The conductive members A1 to A26 according to Examples 1 to 26 and the conductive members C1 to C6 according to Comparative Examples 1 to 6 are evaluated in Evaluations 4-1 to 4-10 and Evaluations 5-1 to 5 described in Example 1. Dedicated to -3. The results are shown in Tables 6-1 to 6-6 and Table 7. The contents of each table are as follows.
Table 6-1: The results of evaluations 4-1 to 4-4 of Examples 1 to 18 are shown.
Table 6-2: The results of evaluations 4-5-4-10 of Examples 1-18 are shown.
Table 6-3: The results of evaluations 4-1 to 4-4 of Examples 19 to 26 are shown.
Table 6-4: The results of evaluations 4-5 to 4-10 of Examples 19 to 26 are shown.
Table 6-5: The results of evaluations 4-1 to 4-4 of Comparative Examples 1 to 6 are shown.
Table 6-6: The results of evaluations 4-5 to 4-10 of Comparative Examples 1 to 6 are shown.
Table 7: The results of evaluations 5-1 to 5-3 of Examples 1 to 26 and Comparative Examples 1 to 6 are shown.

Since it does not have the conductive member C1 surface layer according to Comparative Example 1, it was not subjected to evaluations 4-1 to 4-10. In Tables 6-5 and 6-6, which will be described later, it is indicated as "-".
Further, regarding the conductive member C5 according to Comparative Example 5, since the surface layer is a film having no neck, the “average value D2 of the equivalent circle diameter of the neck cross section” according to the evaluation 4-6 in Table 6-6. The column of "" is written as "-".

<Example 27>
Examples 27 to 40 are examples of a configuration having an intermediate layer containing a radiation decay type resin.

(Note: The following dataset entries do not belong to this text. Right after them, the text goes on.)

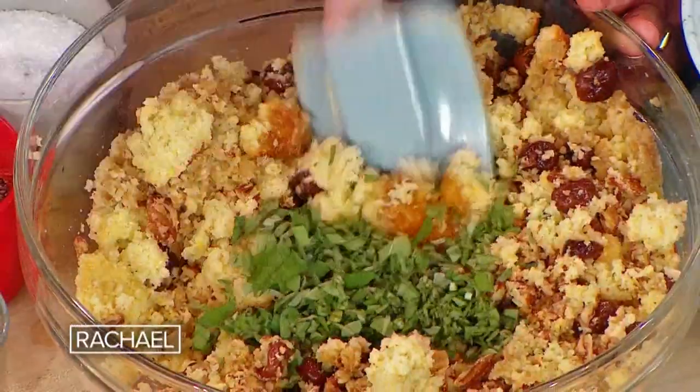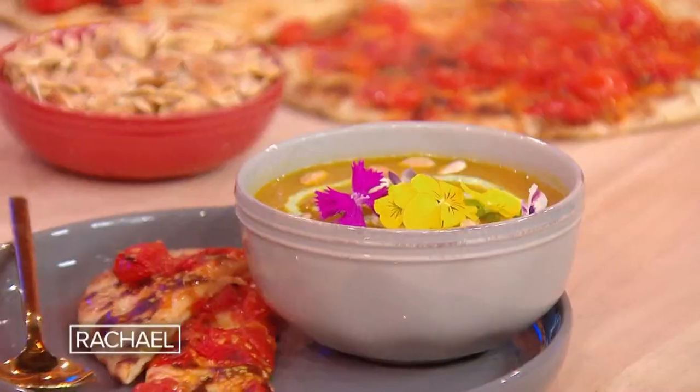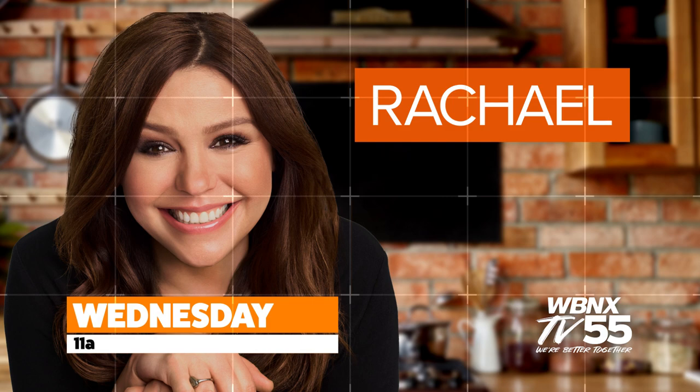Stuff and stuff and stuff your stuffing with incredible ingredients. This is gorgeous. Plus, Rach's simple soup starter — very sexy, very delicious. Wednesday at 11 on WBNX-TV. We're better together.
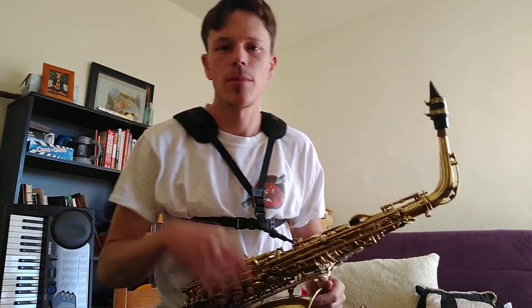Sorry, I had to breathe a few times and missed a couple notes, but that's normal. I'm human.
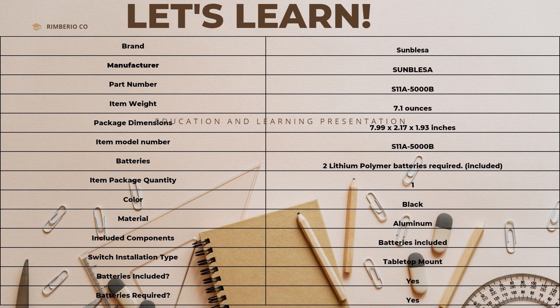Here's a little bit about the product. The brand is Samblisa. The item weight is 7 ounces. It takes two lithium batteries, which are included. Its color is black. The material is aluminum and it is IP5 rated, which is waterproof, and it is rechargeable.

[Formation of intermediate layer]
The intermediate layer was formed as follows.
First, 1% by mass of tertiary butyl polymethacrylate (manufactured by Sigma-Aldrich, weight average molecular weight 170,000 products) was dissolved in dimethylacetylamide to obtain a coating liquid 1.
The conductive support A1 was immersed in the coating liquid 1 with its longitudinal direction in the vertical direction and coated by the dipping method. The immersion time of the dipping coating was 9 seconds, and the pulling speed was 20 mm / sec at the initial speed and 2 mm / sec at the final speed, during which the speed was changed linearly with time. The obtained coated product was air-dried at room temperature for 30 minutes and dried in a hot air circulation dryer set at a temperature of 160 ° C. for 1 hour to obtain a conductive support B1.

[Evaluation 6-1; Evaluation of non-conductive nature of the intermediate layer]
The non-conductive property of the intermediate layer was evaluated by the following method. The volume resistivity of the intermediate layer was measured in a contact mode using a scanning probe microscope (SPM) (trade name: Q-Scope250, manufactured by Quant Instrument Corporation).
First, the conductive support B1 was equally divided into 10 regions in the longitudinal direction. Then, from each region, the intermediate layer is subjected to a focused ion beam method at a length of 1 mm in the x-axis direction and 500 μm in the y-axis direction, and at a depth of 700 μm including the conductive support A1 in the z-axis direction. Sections were cut out to prepare 10 test pieces. Next, each of the test pieces was placed on a metal plate made of stainless steel so that the portion of the conductive support A1 was in contact with the metal plate, and 10 measurement sections were obtained.
Next, the cantilever of the SPM was brought into contact with the intermediate layer portion of each measurement section, a voltage of 50 V was applied to the cantilever, and the current value was measured.

Next, the yz cross section of each test piece was observed, and the thickness of the intermediate layer was measured. Further, the volume resistivity was calculated from the thickness and the current value. The average value of the volume resistivity obtained from each test piece was taken as the volume resistivity of the intermediate layer in this evaluation.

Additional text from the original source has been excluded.